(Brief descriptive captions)
# # # #

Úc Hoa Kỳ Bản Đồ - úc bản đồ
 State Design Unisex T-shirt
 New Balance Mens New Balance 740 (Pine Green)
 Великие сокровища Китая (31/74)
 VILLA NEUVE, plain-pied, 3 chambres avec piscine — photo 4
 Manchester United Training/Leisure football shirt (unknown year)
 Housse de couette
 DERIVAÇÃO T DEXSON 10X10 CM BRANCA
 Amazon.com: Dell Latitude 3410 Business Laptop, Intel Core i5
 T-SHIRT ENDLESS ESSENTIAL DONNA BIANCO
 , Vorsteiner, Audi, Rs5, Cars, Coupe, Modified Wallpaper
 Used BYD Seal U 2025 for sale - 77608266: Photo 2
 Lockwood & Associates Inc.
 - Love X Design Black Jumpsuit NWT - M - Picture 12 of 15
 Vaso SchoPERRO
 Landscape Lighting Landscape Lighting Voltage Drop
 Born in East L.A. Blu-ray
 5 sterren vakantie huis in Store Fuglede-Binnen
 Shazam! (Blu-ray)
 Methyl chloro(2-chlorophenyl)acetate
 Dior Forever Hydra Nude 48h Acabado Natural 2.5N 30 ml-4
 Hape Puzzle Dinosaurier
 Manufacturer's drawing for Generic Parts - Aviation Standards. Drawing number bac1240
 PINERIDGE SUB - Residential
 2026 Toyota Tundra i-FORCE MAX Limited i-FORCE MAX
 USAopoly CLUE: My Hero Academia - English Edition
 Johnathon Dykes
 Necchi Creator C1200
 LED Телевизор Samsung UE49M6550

# # # #

__PROBLEM__. Only one stretch of the data is wanted: the lines from the one with "- Love X Design" through the last, repeated exactly.

__RESULT OF THE EXERCISE__.
 - Love X Design Black Jumpsuit NWT - M - Picture 12 of 15
 Vaso SchoPERRO
 Landscape Lighting Landscape Lighting Voltage Drop
 Born in East L.A. Blu-ray
 5 sterren vakantie huis in Store Fuglede-Binnen
 Shazam! (Blu-ray)
 Methyl chloro(2-chlorophenyl)acetate
 Dior Forever Hydra Nude 48h Acabado Natural 2.5N 30 ml-4
 Hape Puzzle Dinosaurier
 Manufacturer's drawing for Generic Parts - Aviation Standards. Drawing number bac1240
 PINERIDGE SUB - Residential
 2026 Toyota Tundra i-FORCE MAX Limited i-FORCE MAX
 USAopoly CLUE: My Hero Academia - English Edition
 Johnathon Dykes
 Necchi Creator C1200
 LED Телевизор Samsung UE49M6550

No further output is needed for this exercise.